BCR-ABL but not SRC, were designed to address all or parts of these

mechanisms and are currently under clinical testing. A second concern in CML

is persistence of BCR-ABL­positive cells or 'residual disease' in the

majority of patients on imatinib therapy, including those with complete

cytogenetic responses. Bone marrow studies reveal that the residual disease

resides at least in part in the primitive CD34+ progenitor compartment,

suggesting that imatinib may not be effective against these cell populations

(Bhatia et al, Blood 101:4701, 2003). Moreover, several imatinib-resistant

ABL kinase domain mutations have been detected in CD34+/BCR-ABL+ progenitors

(Chu et al, Blood 105:2093, 2005), a scenario for eventual disease relapse.

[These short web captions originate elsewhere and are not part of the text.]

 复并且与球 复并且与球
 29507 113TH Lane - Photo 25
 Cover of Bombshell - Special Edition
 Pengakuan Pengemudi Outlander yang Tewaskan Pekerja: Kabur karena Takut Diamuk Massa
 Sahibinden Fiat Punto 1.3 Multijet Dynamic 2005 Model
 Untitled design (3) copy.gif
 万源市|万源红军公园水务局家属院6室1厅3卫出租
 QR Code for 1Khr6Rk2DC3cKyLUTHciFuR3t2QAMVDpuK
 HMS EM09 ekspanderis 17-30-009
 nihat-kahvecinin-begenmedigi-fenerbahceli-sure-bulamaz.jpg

A hallmark of CD34+ primitive CML progenitors is quiescence (Elrick et al,

Blood 105:1862, 2005). We hypothesized that BCR-ABL inhibitors like imatinib

may not be effective in killing CML cells in this non-proliferative state.

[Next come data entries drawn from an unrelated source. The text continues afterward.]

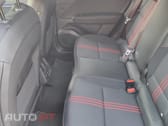 Renault Captur R.S. Line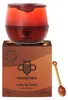 Honeybalm Lippenbalsem Cola (1 stuk) Productafbeelding-voorbeeld 1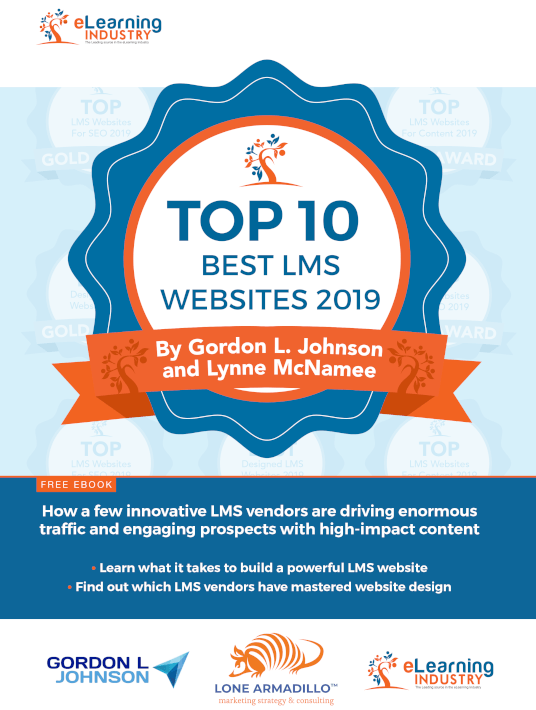 Top 10 Best LMS Websites 2019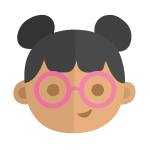 12~14歳向けアイテム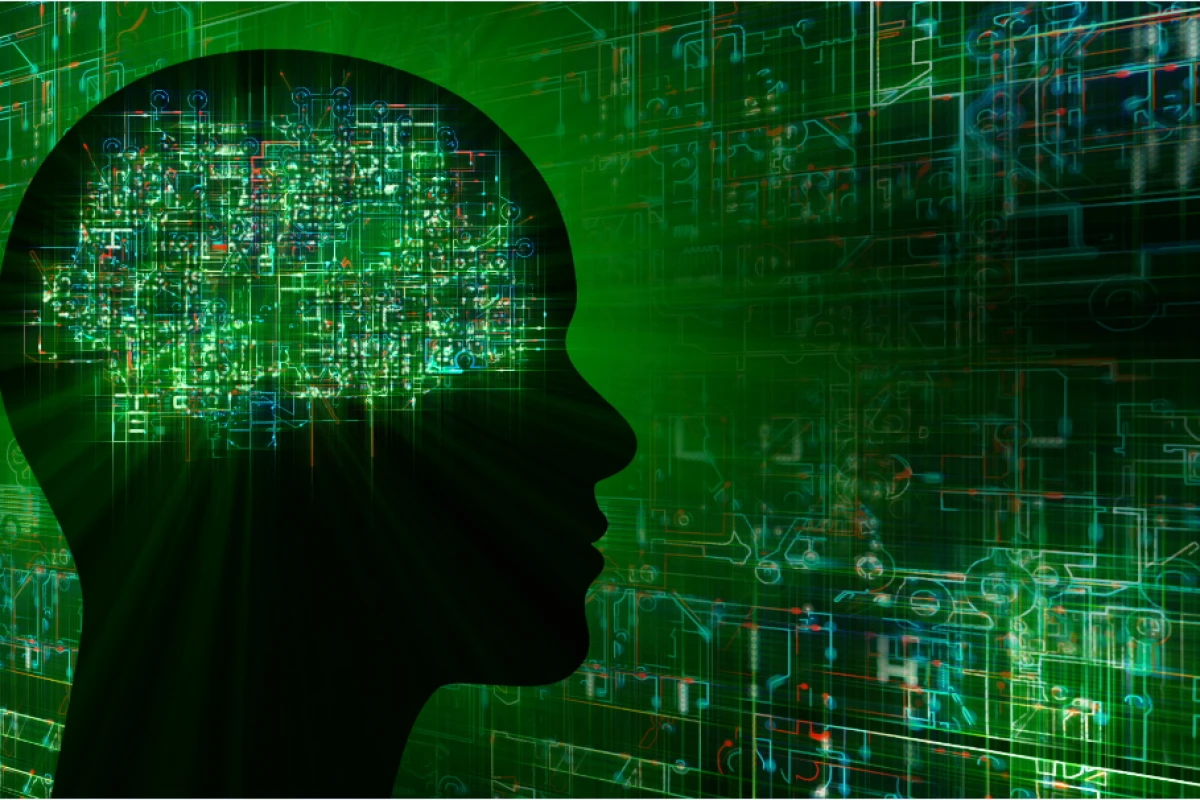 The NESD program aims to kickstart development in neural interface technology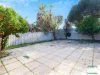 69 Girraween Street, Armadale, WA 6112-Image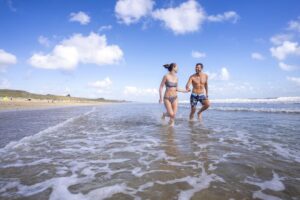 Amis de la Plage 14 Amis-de-la-Plage_pic13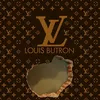 louis_butron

This was tested by comparing cytotoxicity of imatinib or dasatinib in

proliferating K562 cells and in cells forced into quiescence by nutrient

depletion. Proliferating K562 cells were effectively killed by imatinib

(IC50 250­500 nM) and dasatinib (IC50 <1.00 nM). However, cells in quiescent

cultures were far more resistant (imatinib IC50 >5000 nM; dasatinib IC50 >12

nM), suggesting that these inhibitors may be less effective in eradicating

quiescent CD34+ progenitors. BMS-214662 is a FTI in Phase I clinical

development. Unlike many other FTI, BMS-214662 exhibits potent cytotoxic

activity against a variety of human tumor cells, and uniquely, its

cytotoxicity is highly selective against non-proliferating cancer cells of

epithelial origin (Lee et al, Proceedings of the AACR 42:260s, 2001). We now

demonstrate similar selectivity in K562 CML cells. BMS-214662 was 68-fold

more potent in killing quiescent (IC50 = 0.7 uM) than proliferating K562

cells (IC50 = 47.5 uM). Because BCR-ABL inhibitors and BMS-214662 target

distinct cell populations (proliferating vs quiescent), there may be a

positive therapeutic interaction when these agents are used in combination.

In vitro studies in quiescent K562 cultures demonstrated that the

combination of BMS-214662 and dasatinib, at concentrations readily

achievable in the clinic, produced supra-additive cytotoxicity (% cell kill:

dasatinib alone = 0%, BMS-214662 alone = 21%, combination = 71%). In vivo

studies in K562 xenografts implanted SC in mice also showed that the

combination of BMS-214662 and dasatinib produced a superior anti-leukemic

activity than either dasatinib alone (P=0.0157) or BMS-214662 alone

(P=0.0002). These results highlight the potential utility of BMS-214662 for

targeting the quiescent progenitor compartment which, in combination with

targeted agents such as dasatinib, address both BCR-ABL­dependent and

­independent mechanisms of resistance, and may produce more durable

responses and suppress the emergence of resistance.